This guide explains how to develop tests running against Azure resources.
You need to have programmatic access to Azure, which means you have created a service principal.
There are two modules:
- azure
- azure-wildfly
The first one provides product agnostic functionality such as deploying azure template, injecting common objects and so on. Azure-wildfly is responsible for WildFly specific functionality - injecting OnlineManagementClient, deploying WAR to running WildFly and so on.
Add the following properties into sunstone.properties
located in your resources' folder:
sunstone.azure.subscriptionId=${azure.subscriptionId}
sunstone.azure.tenantId=${azure.tenantId}
sunstone.azure.applicationId=${azure.applicationId}
sunstone.azure.password=${azure.password}
sunstone.azure.region=${azure.region:eastus2}
sunstone.azure.group=${azure.group}
If you are using WildFly, you may need to add:
sunstone.wildfly.mgmt.port=9990
sunstone.wildfly.mgmt.user=${wildfly.admin}
sunstone.wildfly.mgmt.password=${wildfly.password}
sunstone.wildfly.mgmt.connection.timeout=120000
sunstone.wildfly.mgmt.host=master
sunstone.wildfly.mgmt.profile=default
Last two are for domain mode.
Mind that only subscription id, tentant id, application id and password are mandatory. Everything else you can also set in the annotations.
Add the following dependency:
<dependency>
<groupId>org.wildfly.extras.sunstone</groupId>
<artifactId>sunstone-azure</artifactId>
<version>${sunstone.version}</version>
</dependency>
or product specific (which also gives you sunstone-azure)
<dependency>
<groupId>org.wildfly.extras.sunstone</groupId>
<artifactId>sunstone-azure-wildfly</artifactId>
<version>${sunstone.version}</version>
</dependency>
This chapter provides a guide and explains the logic behind cloud deployment, setup task, injection, deploy operation.
Only Azure ARM templates are supported for deploying resources to Azure:
(1)
@WithAzureArmTemplate(parameters = @Parameter(k = "serverName", v = PGSQL_NAME),
template = "posgresql.json", region = "eastus2", group = "${azure.group}", perSuite=true)

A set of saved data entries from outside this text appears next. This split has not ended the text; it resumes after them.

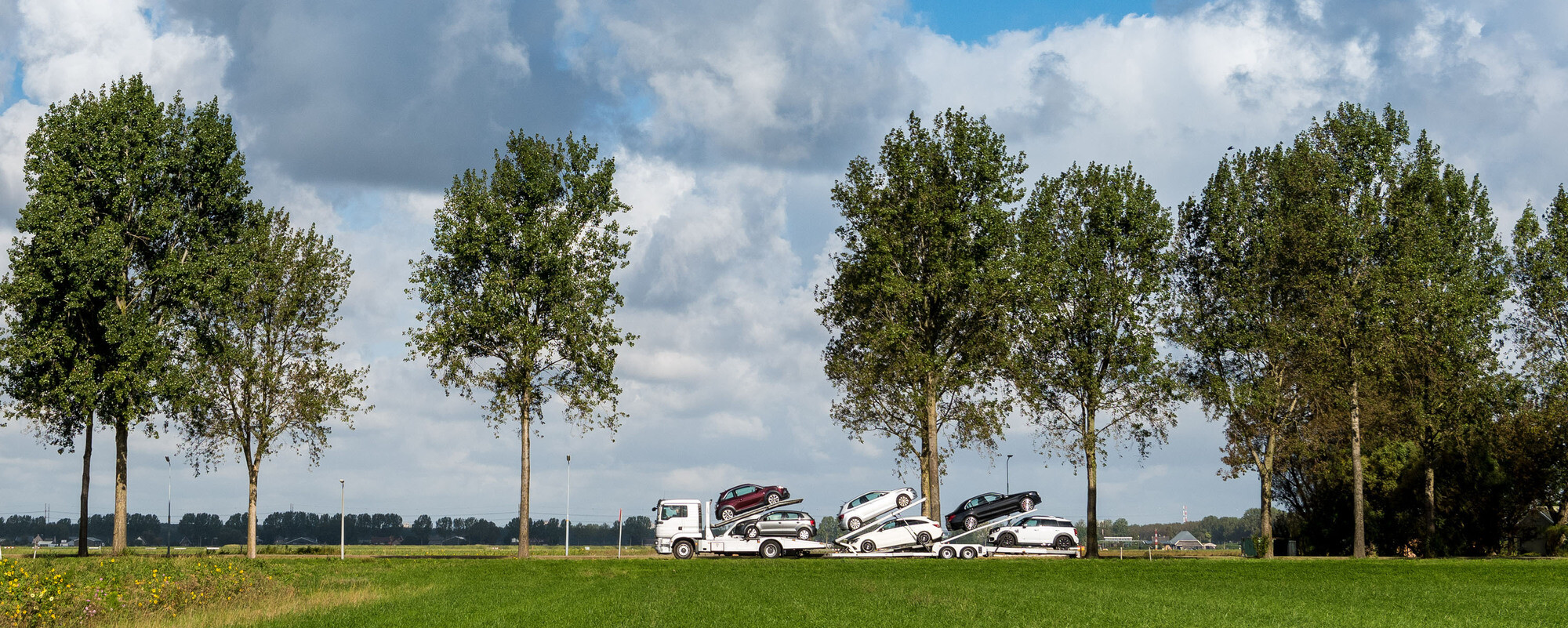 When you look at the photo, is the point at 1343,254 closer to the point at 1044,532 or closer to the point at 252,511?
the point at 1044,532

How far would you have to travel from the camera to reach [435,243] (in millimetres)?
52312

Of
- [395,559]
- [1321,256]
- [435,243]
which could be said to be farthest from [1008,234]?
[395,559]

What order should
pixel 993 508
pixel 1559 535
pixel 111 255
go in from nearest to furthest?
1. pixel 111 255
2. pixel 993 508
3. pixel 1559 535

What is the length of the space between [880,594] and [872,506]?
78.2 feet

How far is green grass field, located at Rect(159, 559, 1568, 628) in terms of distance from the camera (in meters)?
23.2

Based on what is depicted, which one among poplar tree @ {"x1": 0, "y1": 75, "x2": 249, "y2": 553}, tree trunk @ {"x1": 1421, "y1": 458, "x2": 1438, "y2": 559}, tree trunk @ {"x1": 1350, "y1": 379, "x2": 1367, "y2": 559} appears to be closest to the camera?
poplar tree @ {"x1": 0, "y1": 75, "x2": 249, "y2": 553}

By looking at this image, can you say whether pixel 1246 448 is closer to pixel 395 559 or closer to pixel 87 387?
pixel 395 559

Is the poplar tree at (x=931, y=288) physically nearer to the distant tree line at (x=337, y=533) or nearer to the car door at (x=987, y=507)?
the car door at (x=987, y=507)

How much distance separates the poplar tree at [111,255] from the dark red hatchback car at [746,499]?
899 inches

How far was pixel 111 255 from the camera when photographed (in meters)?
47.2

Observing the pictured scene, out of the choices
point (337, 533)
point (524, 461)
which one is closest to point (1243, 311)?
point (524, 461)

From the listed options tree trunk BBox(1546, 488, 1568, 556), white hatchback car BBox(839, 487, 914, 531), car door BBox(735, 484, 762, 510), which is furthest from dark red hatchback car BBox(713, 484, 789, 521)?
tree trunk BBox(1546, 488, 1568, 556)

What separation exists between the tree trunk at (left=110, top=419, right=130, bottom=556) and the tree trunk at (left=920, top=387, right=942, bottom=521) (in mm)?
33368

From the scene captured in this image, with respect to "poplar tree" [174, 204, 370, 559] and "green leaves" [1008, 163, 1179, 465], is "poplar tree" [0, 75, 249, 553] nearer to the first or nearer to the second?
"poplar tree" [174, 204, 370, 559] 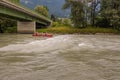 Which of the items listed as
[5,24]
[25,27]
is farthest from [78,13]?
[5,24]

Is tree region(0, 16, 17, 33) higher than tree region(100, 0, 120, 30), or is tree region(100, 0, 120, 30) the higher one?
tree region(100, 0, 120, 30)

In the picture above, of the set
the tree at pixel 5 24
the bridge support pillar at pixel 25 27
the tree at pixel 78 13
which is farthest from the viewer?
the tree at pixel 5 24

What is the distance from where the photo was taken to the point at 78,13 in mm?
92125

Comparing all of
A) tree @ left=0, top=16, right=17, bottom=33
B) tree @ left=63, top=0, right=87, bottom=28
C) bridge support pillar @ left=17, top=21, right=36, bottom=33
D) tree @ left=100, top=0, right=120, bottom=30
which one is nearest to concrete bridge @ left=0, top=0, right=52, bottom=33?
bridge support pillar @ left=17, top=21, right=36, bottom=33

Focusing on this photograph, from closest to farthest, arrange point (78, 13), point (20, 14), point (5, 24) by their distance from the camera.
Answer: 1. point (20, 14)
2. point (78, 13)
3. point (5, 24)

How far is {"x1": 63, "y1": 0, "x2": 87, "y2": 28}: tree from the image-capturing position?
91.6 m

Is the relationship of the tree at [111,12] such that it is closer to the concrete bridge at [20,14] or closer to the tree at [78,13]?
the tree at [78,13]

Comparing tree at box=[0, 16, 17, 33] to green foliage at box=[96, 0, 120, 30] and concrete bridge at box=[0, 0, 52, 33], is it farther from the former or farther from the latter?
green foliage at box=[96, 0, 120, 30]

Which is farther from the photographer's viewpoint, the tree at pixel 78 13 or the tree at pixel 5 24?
the tree at pixel 5 24

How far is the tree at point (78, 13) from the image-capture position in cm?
9162

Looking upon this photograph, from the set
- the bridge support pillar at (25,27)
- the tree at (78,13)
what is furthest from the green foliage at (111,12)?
the bridge support pillar at (25,27)

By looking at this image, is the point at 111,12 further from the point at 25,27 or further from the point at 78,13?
the point at 25,27

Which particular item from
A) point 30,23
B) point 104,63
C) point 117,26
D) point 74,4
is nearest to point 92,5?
point 74,4

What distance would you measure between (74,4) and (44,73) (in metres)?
78.8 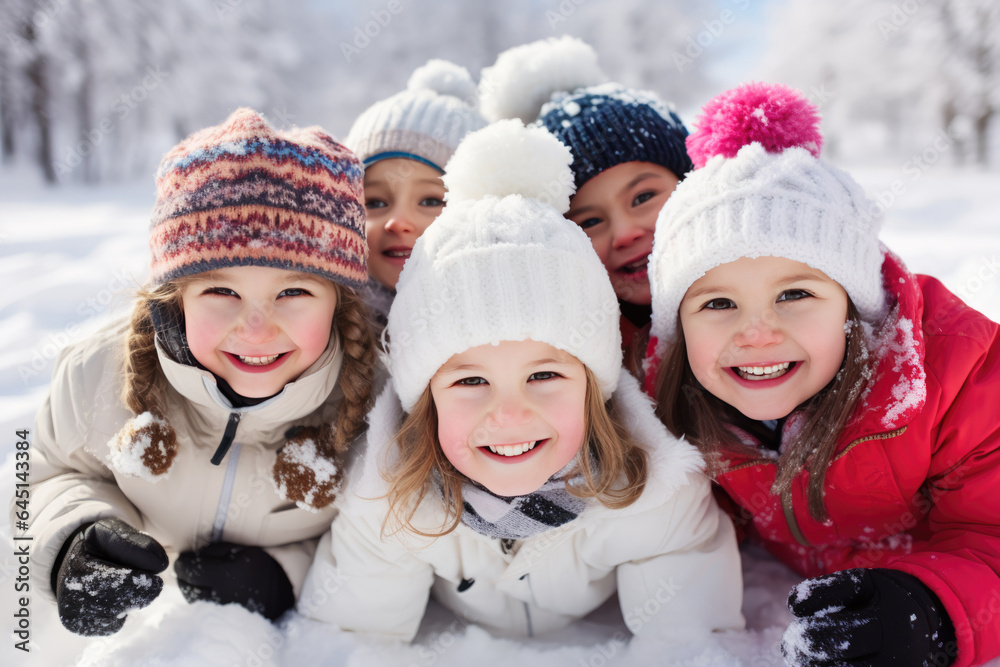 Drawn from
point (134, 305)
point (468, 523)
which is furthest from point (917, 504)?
point (134, 305)

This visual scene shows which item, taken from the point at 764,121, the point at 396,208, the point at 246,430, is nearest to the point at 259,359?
the point at 246,430

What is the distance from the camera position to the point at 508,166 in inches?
61.7

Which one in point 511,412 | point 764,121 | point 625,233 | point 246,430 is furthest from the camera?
point 625,233

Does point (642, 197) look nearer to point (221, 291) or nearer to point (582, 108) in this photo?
point (582, 108)

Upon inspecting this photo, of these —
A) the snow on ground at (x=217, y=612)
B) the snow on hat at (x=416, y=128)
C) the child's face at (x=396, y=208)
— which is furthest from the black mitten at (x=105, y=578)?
the snow on hat at (x=416, y=128)

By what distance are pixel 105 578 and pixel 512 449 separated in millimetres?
964

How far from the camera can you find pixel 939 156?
8414mm

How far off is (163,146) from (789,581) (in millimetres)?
12787

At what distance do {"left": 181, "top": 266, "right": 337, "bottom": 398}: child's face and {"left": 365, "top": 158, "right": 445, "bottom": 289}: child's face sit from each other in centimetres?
62

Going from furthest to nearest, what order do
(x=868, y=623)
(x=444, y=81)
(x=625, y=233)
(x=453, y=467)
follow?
(x=444, y=81) → (x=625, y=233) → (x=453, y=467) → (x=868, y=623)

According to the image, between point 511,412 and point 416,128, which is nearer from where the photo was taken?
point 511,412

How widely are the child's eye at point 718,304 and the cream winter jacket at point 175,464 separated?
3.13ft

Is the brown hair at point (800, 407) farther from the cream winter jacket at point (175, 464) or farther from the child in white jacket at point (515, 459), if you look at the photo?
the cream winter jacket at point (175, 464)

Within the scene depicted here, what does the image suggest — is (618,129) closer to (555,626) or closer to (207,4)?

@WithAzureArmTemplate(parameters = {@Parameter(k = "appName", v = APP_NAME)},
template = "eapWebApp.json")
(2)
@Setup(Example.SetupTask.class)
public class Example {
public static final String PGSQL_NAME = "DSAzureTest-pgsql";
public static final String APP_NAME = "DSAzureTest-webapp";
(3)
@AzurePgSqlServer(name = PGSQL_NAME)
static Server pgsql;
@AzureWebApplication(name = APP_NAME)
Hostname app;
@Test
public void test() {}
static class SetupTask extends AbstractSetupTask {
@AzureWebApplication(name = APP_NAME)
WebApp app;
@Override
public void setup() throws Exception {}
@Override
public void teardown() throws Exception {}
}
}
The flow is:
(1) - At first, cloud resources defined by Azure template are deployed. You can specify multiple templates. You can use
expression (${my.property}
) in all parameters - they are resolved by SmallRye config.
Note perSuite
. If you wish to share cloud resources among multiple test classes, set perSuite
parameter to true, include such test classes in a JUnit5 suite and run the suite, not the test classes. Resources will be deleted once the suite is finished. If the parameter is set to false (default value), resources are undeployed after the test class finishes.
Note parameters
. Sunstone form JSON objects from values (due to how Azure templates works). String, integer, securestring and boolean types are supported.
(2) - Then, Setup task is run. As you can see, you can also inject into the class.
Note: test class fields are injected after a setup task is run. Example static fields are null when the SetupTask is run (and can't be used there).
(3) - After the SetupTask is done, fields are injected
Injection is based on a field's type and annotation. Azure-wildfly module extend azure module in injection capabilities.
See what kind of Azure resources are supported, what and how you can inject.
See here, you can inject:
- Hostname - public ip of VM
- VirtualMachine - Azure SDK object for resource manipulation
See here, you can inject:
- Hostname - default hostname
- WebApp - Azure SDK object for resource manipulation
See here, you can inject:
- Hostname - FQ domain name
- Server - Azure SDK object for resource manupulation
See here, you can inject:
- AzureResourceManager
- PostgreSqlManager
When you depend on azure-wildfly, you can inject wildfly specific objects. Here you can see what you can inject additionally to azure module
Inject:
- OnlineManagement Client, see standalone here and domain here
You can deploy archive to running EAP instance. See here
You can deploy archive to running EAP instance. See here
activityLog Downloader starting Time is configurable by sunstone.azure.logDownloadTimeStart
, which is offset from current time. Default is 1 hour.
API is restricted by RGName but not specific RG, potentially fetching logs from previous RGs with the same name.